On the other hand, monitoring the WEB for new information is much more chaotic. Pages get scraped by a search engine but they get rescraped as well. SEO strategies and dynamic content might mean an absolutely ancient page shows up in what was supposed to be a review of recent Web pages. (This is happening a lot with Google Alerts, which is why I’m making this substitute in the first place.)
If I’m monitoring a space as unstructured as the Web, and I can’t rely on the search engine I’m using to provide completely fresh content, then I need to find a way to either aggressively filter the returned data or build a better search query. The Mojeek API tier I’m using restricts me to 10 results per search and a rate limit of one query per second, so it’s not economical to gather up a big bunch of data and filter it. I have to get smart about my queries instead. That’s why my version of Web alerts has a date mode!
A lot of sites which post content on an ongoing basis (newsletters, magazines, blogs, etc) use date strings in their URL patterns like this: /2024/04/30 . Combine those date strings with the inurl: search operator and you can create queries which incorporate site information to make your search results fresher. For example, a Web search today for donor-advised-funds inurl:04 inurl:2024 is going to provide much different results than a search for just donor-advised funds.

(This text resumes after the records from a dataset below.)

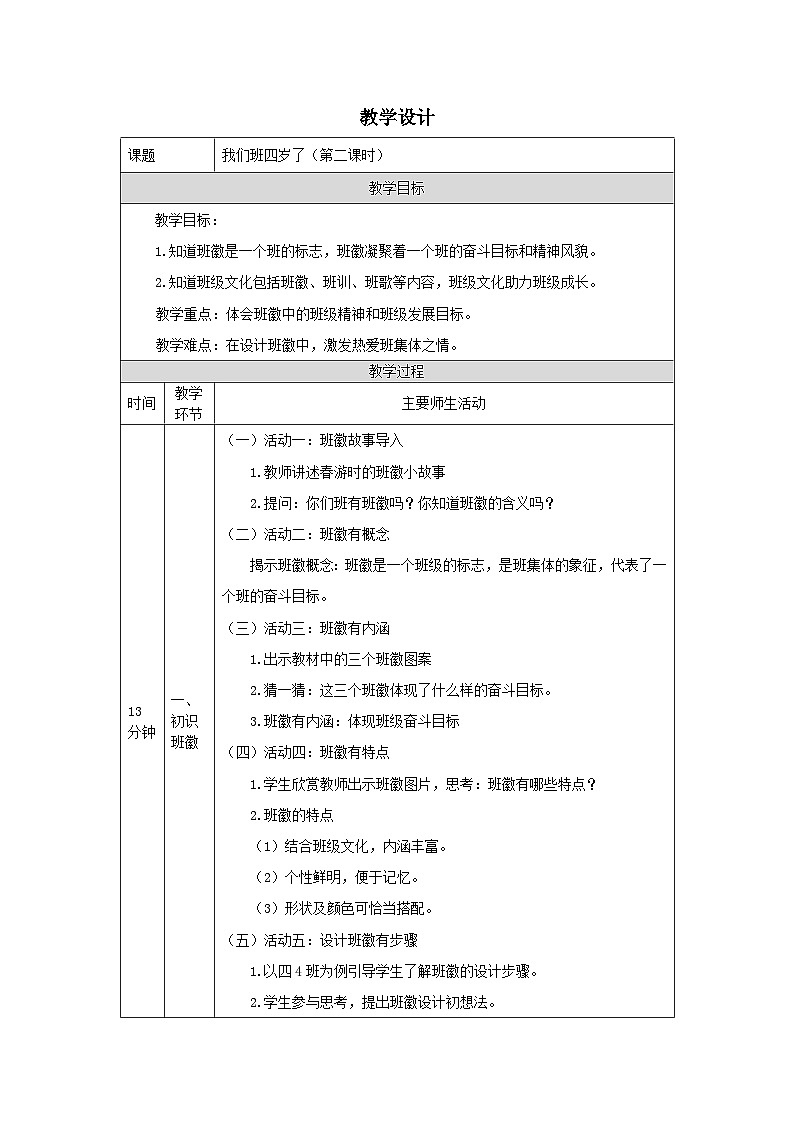 部编版道德与法治四上1《我们班四岁了》第二课时(教案)第1页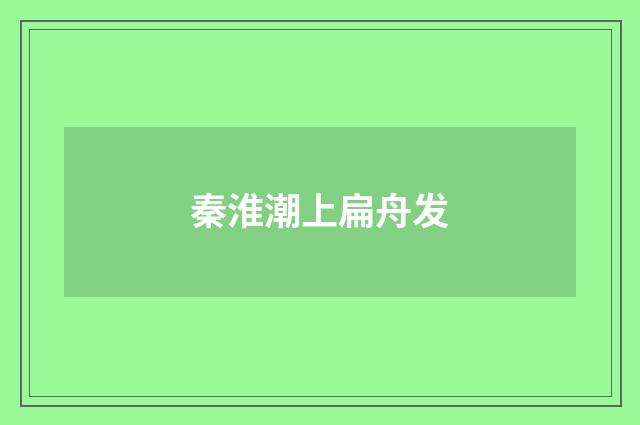 秦淮潮上扁舟发
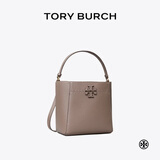 Tory Burch 汤丽柏琦 MCGRAW小号水桶包菜篮子TB 74956 【京东线上专享】灰色 963 OS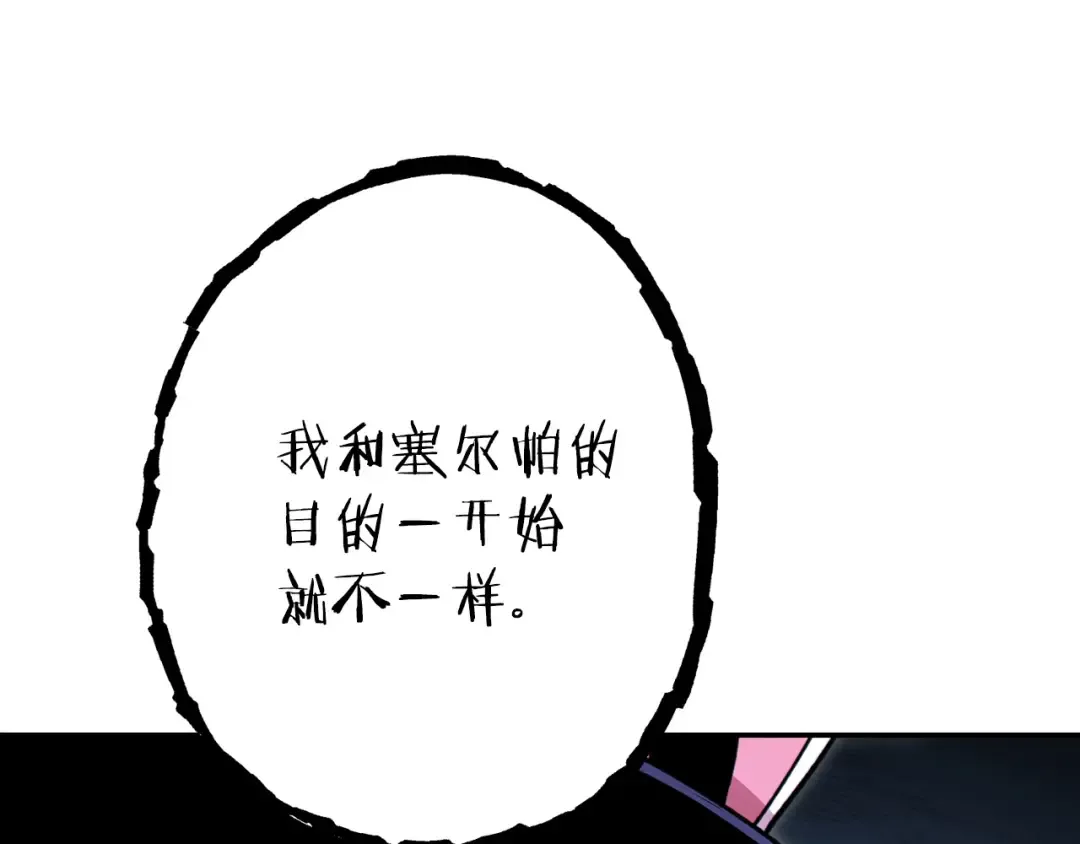 第104话 遥远的记忆 第98页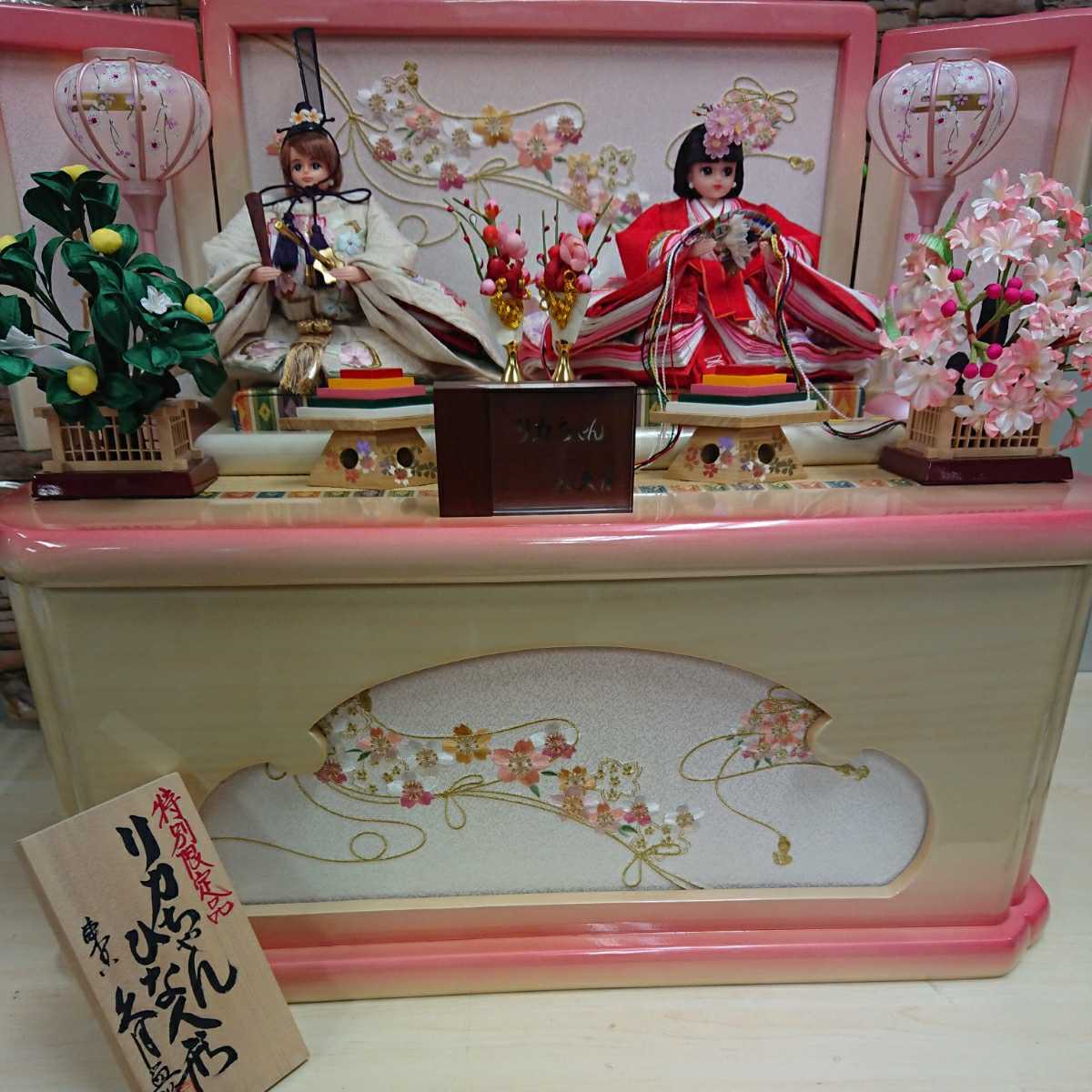 三代 小林宏寿作 奈良一刀彫 段雛 雛人形 五段ひな人形 十五人揃 桐共箱付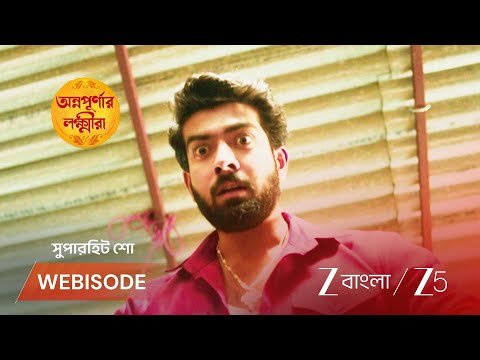 ⁣Annapurnar Lokkhira | কারা করলো স্নেহার এই অবস্থা !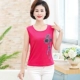 Mùa hè phụ nữ trung niên mặc áo phông mẹ 35 dì 40 - 50 tuổi mặc áo vest cotton cộc tay sọc plus size áo - Áo ba lỗ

Now when I specify date mode with my Web alerts, the current month and date are calculated by the program and added to my monitoring query as inurl: strings. This query is not date-perfect (the string 04 can match a day as well as a month) but it’s not meant to be; instead it’s meant to drastically reduce the search space, which it does well. And because it does, I can monitor the Web for general topics like “cultural heritage” without having to wade through oceans of junk results.
This has worked so well that I’m intrigued by the idea of adding automatic persistent metadata modifies in more ways. Is there some way I can apply a location search like this? Hmm. It’s worth thinking about, but first I need to move my Google Alerts over…